Primo maggio: la festa del lavoro che non c’è – Il lavoro deve tornare a essere un diritto umano

1 maggio 2019

“Senza il diritto al lavoro la persona perde la sua dignità”, affermava Stefano Rodotà. A rileggerle oggi queste parole suonano come schiaffi. In Italia, il 5% più ricco degli italiani è titolare da solo della stessa quota di patrimonio posseduta dal 90% più povero e  il 20% più ricco possiede il 72% del patrimonio totale, mentre il 60% più povero ha appena il 12,4% della ricchezza nazionale. L’aumento della povertà, dopo il 2008, ha contribuito ad accrescere la disparità tra il 20% più ricco e il 20% disagiato, in termini di ricchezza, redditi e consumo. L’Italia è uno dei Paesi dove il rapporto tra ricchezza aggregata totale e il totale dei redditi prodotti ogni anno è tra i più elevati al mondo, una delle nazioni a più elevata intensità capitalistica, dove la ricchezza vale molto più del reddito.

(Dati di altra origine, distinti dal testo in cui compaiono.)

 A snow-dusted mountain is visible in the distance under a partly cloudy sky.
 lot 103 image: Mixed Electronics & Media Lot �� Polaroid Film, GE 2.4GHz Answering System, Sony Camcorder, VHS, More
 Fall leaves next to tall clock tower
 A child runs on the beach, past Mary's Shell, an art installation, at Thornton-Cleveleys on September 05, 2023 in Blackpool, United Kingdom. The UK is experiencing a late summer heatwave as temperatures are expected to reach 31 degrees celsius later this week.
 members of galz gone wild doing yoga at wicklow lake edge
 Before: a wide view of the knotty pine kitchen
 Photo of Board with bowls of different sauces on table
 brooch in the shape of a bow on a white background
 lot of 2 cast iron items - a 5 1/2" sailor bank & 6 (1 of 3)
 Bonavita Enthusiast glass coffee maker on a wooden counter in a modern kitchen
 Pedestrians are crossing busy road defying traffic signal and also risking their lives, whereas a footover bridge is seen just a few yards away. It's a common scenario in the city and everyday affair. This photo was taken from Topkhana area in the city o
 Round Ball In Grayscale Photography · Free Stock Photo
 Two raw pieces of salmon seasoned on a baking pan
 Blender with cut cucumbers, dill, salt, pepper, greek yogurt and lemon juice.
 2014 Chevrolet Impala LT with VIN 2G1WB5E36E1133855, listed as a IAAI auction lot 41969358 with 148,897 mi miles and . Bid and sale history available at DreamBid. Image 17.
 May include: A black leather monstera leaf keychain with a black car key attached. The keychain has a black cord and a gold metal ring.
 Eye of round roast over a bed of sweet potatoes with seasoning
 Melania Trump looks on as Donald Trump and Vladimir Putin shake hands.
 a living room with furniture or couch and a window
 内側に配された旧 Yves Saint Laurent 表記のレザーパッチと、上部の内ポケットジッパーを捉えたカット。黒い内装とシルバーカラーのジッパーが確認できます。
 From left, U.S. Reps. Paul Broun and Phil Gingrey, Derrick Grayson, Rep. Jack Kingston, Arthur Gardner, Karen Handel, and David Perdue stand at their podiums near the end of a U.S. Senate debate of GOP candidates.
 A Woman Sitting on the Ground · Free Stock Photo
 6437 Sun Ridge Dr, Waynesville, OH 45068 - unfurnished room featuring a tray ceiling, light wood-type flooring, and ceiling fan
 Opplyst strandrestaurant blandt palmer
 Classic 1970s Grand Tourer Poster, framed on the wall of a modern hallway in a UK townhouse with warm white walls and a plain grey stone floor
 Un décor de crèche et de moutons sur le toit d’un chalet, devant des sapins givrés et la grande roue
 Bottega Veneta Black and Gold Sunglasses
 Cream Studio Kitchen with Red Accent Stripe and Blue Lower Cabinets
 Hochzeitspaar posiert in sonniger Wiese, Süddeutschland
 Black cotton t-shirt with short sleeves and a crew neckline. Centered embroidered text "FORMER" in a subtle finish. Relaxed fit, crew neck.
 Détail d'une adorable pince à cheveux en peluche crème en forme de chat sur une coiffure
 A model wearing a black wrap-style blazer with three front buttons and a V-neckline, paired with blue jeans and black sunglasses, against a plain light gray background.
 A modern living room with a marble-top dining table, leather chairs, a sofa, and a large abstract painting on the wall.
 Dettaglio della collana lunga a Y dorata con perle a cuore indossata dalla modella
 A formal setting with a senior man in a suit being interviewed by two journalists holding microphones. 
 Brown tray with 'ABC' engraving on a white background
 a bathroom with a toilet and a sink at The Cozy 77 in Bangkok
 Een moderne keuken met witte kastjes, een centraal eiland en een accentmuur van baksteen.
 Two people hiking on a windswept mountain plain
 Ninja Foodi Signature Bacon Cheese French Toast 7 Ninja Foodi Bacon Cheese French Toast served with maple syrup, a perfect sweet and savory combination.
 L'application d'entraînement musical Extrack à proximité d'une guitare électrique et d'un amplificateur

E il grande assente nel dibattito politico attuale, alle porte delle elezioni europee, è proprio il tema del lavoro. L’Italia si trova in basso alla classifica dei paesi europei per tassi di occupazione. Un giovane su tre non ha un posto. In 10 anni raddoppiati i sottoccupati. Il 25% ha un impiego inferiore al titolo di studio.

Viene da pensare alla Convenzione Internazionale sui diritti economici, sociali e culturali delle Nazioni Unite che  fa equivalere il lavoro a un diritto umano. Se si considerasse il lavoro come diritto alla dignità, così come sancito dalla nostra Carta costituzionale (articolo 1) che fonda l’ordinamento democratico sul principio-valore del lavoro, si eliminerebbe di conseguenza il lavoro precario, mal pagato, non sicuro, usurante e che provoca problemi di salute.

Un primo maggio nostalgico, che rinvia alla necessita di una produzione legislativa che non abbia più riguardo ai sussidi alla povertà, così come il Reddito di Cittadinanza, ma che capisca la necessità di incentivare la libertà della scelta lavorativa come misura di contrasto dell’esclusione sociale e della ricattabilità dei soggetti in difficoltà, così da garantire la “congruità dell’offerta di lavoro” e non “l’obbligatorietà del lavoro purché sia.

Le misure messe in campo fino ad oggi hanno allargato la distanza tra ricchi e poveri, hanno reso più precario il lavoro, più forte lo sfruttamento e la ricattabilità, intensificando la guerra tra poveri scatenata scientificamente dalla violenza del linguaggio. A tutto questo abbiamo il dovere, il diritto e la responsabilità di ribellarci, continuando a organizzarci, rafforzando le nostre alleanze su proposte concrete in grado di sconfiggere disuguaglianze ed esclusione sociale, raccontando la verità anche quando è scomoda.

Come cittadini abbiamo un obbligo, sancito dall’articolo 2 della Costituzione: la solidarietà. Il Governo ne ha un altro: lavorare per rimuovere gli ostacoli che limitano libertà e uguaglianza impedendo lo sviluppo e la partecipazione di tutti alla vita del paese (articolo 3).

In gioco non c’è solo il diritto a un lavoro dignitoso, ma il diritto all’esistenza di tutti e di tutte.